The Makhanda High Court ordered that the Makana Local Municipality be dissolved after even provincial intervention could not restore services. This trend is unfortunate but has spread to Mpumalanga and other provinces around the country. Minister Dlamini-Zuma recently confirmed that a team of experts will provide ‘technical support’ to these regions.
In a recent development the District Development Model has been launched, whereby the Minister of COGTA with the assistance of the United Nations will combine to assist struggling municipalities. In effect this allows national forces to ‘take control’ in these municipalities and get them up to speed with their more successful counterparts.
The model will foster a “One Plan” approach to local development that seeks to incorporate public, private and civil society participation and investment in a joint effort to provide service delivery, localize procurement and create jobs. The COGTA-UN partnership will initially focus on the three DDM pilot districts, namely: O.R. Tambo (Eastern Cape), Waterberg (Limpopo) and eThekwini (KwaZulu-Natal). The partnership will give practical expression to the DDM principles which are based on cooperation and collaboration among stakeholders.
The question here is whether Dlamini-Zuma, who has demonstrated her total incompetence and total unsuitability to run even the most basic of government roles, has the capacity to implement the desired changes.
Ramaphosa has completely and utterly failed in this star. He does not even attain the grade that his predecessor, who had no formal education and was notoriously financially illiterate, achieved. This is the one instance where the rubber meets the road, as local government is where the citizens experience government’s capacity and resolve to deliver basic services. The person living in a shack does not actually care if Jacob Zuma goes to jail or not. They worry about cable theft slowing down the trains and getting them to work late. They worry about having to use a pit latrine, or to carry water to bath their young. This area is probably the most important for his approval rating and receives the least attention. Strange as I always believed him to be a thoughtful and intelligent man.

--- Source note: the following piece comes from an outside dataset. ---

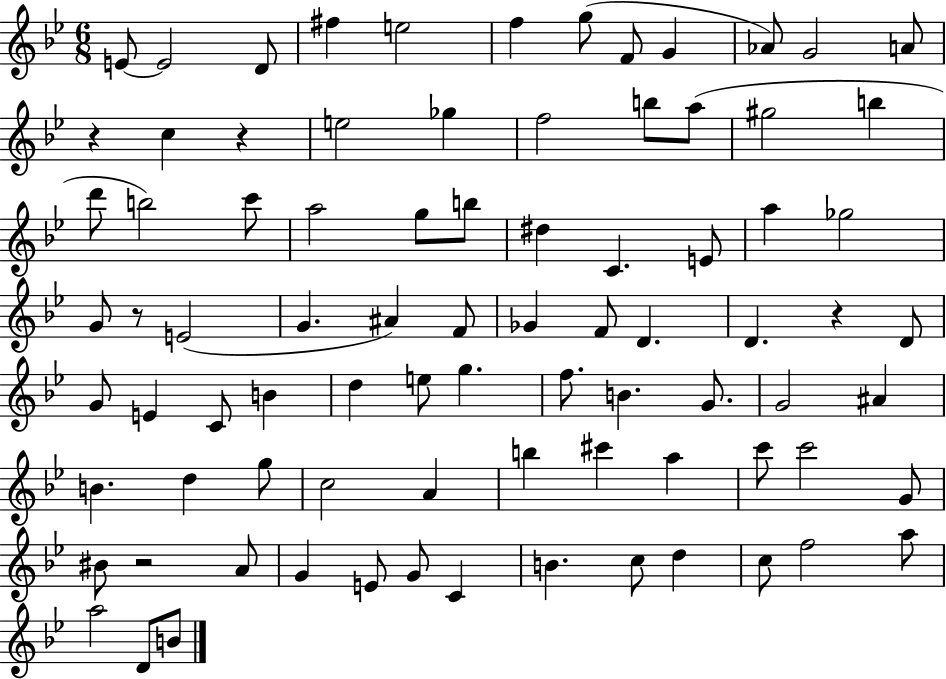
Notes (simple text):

E4/e E4/h D4/e F#5/q E5/h F5/q G5/e F4/e G4/q Ab4/e G4/h A4/e R/q C5/q R/q E5/h Gb5/q F5/h B5/e A5/e G#5/h B5/q D6/e B5/h C6/e A5/h G5/e B5/e D#5/q C4/q. E4/e A5/q Gb5/h G4/e R/e E4/h G4/q. A#4/q F4/e Gb4/q F4/e D4/q. D4/q. R/q D4/e G4/e E4/q C4/e B4/q D5/q E5/e G5/q. F5/e. B4/q. G4/e. G4/h A#4/q B4/q. D5/q G5/e C5/h A4/q B5/q C#6/q A5/q C6/e C6/h G4/e BIS4/e R/h A4/e G4/q E4/e G4/e C4/q B4/q. C5/e D5/q C5/e F5/h A5/e A5/h D4/e B4/e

Scoring four out of five would normally put you into the 80 % category. Ramaphosa has done a great job in aligning a number of the stars and these are all very important to the long-term prospects for South Africa, but he fails miserably at the place where most people actually feel it the most. His political opponents are fortunately too inept to see the stark reality. Julius Malema is too busy voicing his stance on race, and the DA is so busy playing Prog (PFP) politics (This is where Tony Leon cut his political teeth – where you sit on the side-line and bitch like hell about everything but are unable to arrange a good booze up in a brewery).

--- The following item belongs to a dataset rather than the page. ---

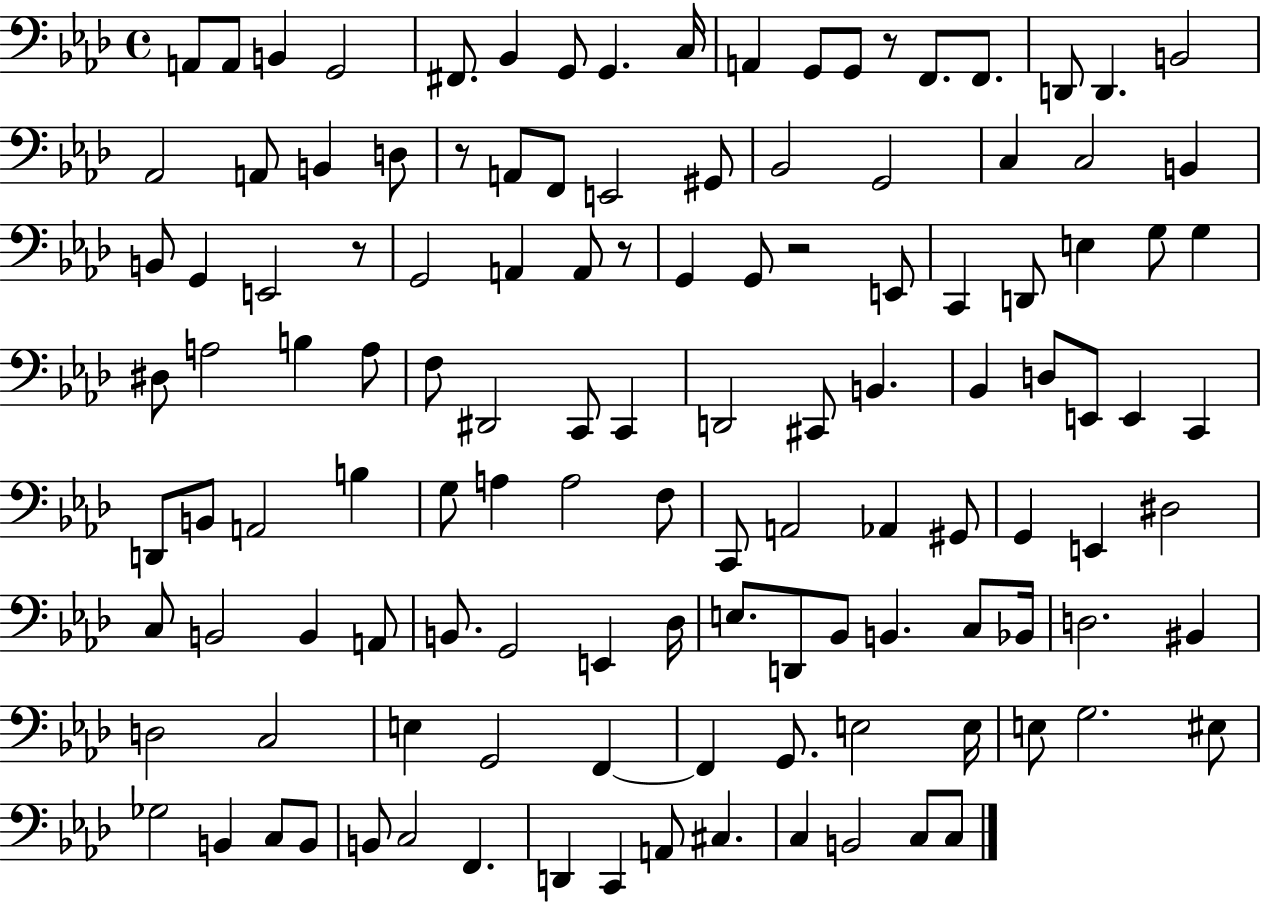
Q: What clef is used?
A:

So, unfortunately, in the one area where Ramaphosa scores a “fail” his political opponents are just to useless to actually drive home their advantage and spur him on to make tangible improvements.
So, does South Africa have a chance? I believe the answer is YES. We need to keep the stars that are properly aligned in their proper orbit. Local government needs very urgent attention and then as always with any turnaround a big helping of good luck will certainly make for a less bumpy ride.